▽

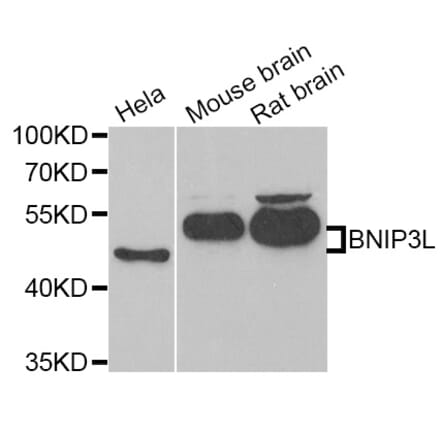 Anti-BNIP3L Antibody from Bioworld Technology (BS8100) - Antibodies.com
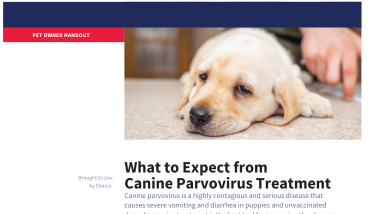 Pet owner expectations for parvovirus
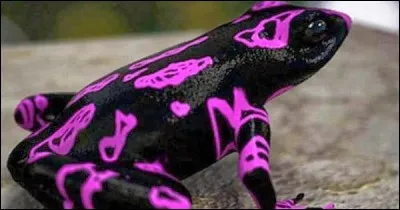 Peu observée et peu photographiée, cette espèce de grenouille se trouve à Quepos, Costa Rica. Sa peau contient une puissante neurotoxine. Il n'en resterait qu'une poignée très localisée.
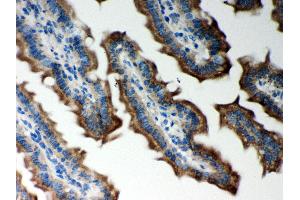 Anti- Peroxiredoxin 5 Picoband antibody, IHC(P) IHC(P): Mouse Intestine Tissue (Peroxiredoxin 5 anticorps  (AA 66-198))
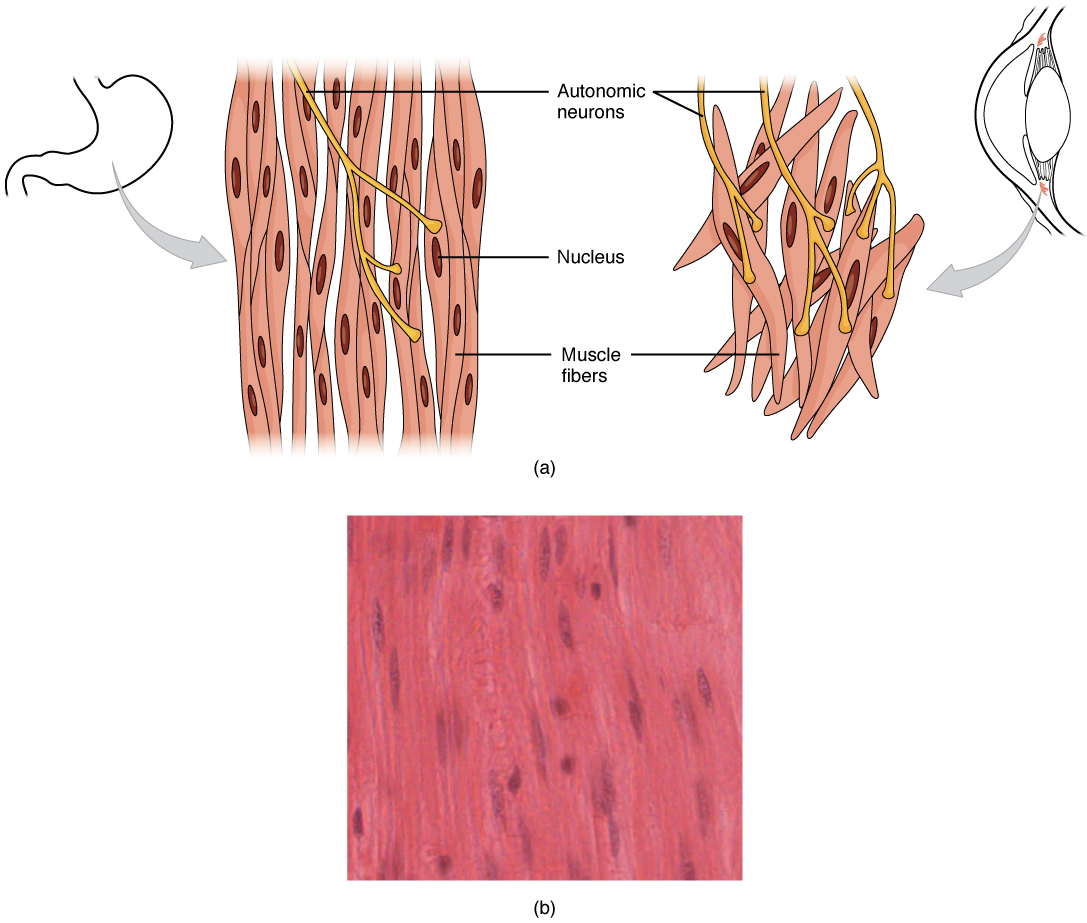 Smooth muscle cells are ______ structures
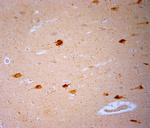 TRPV1 Antibody in Immunohistochemistry (Paraffin) (IHC (P))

△

Problem description: Repeat only the lines from the beginning of the material through the line containing "Pet owner expectations for parvovirus", both ends kept, leaving pictures out.

Solution below:
 Anti-BNIP3L Antibody from Bioworld Technology (BS8100) - Antibodies.com
 Pet owner expectations for parvovirus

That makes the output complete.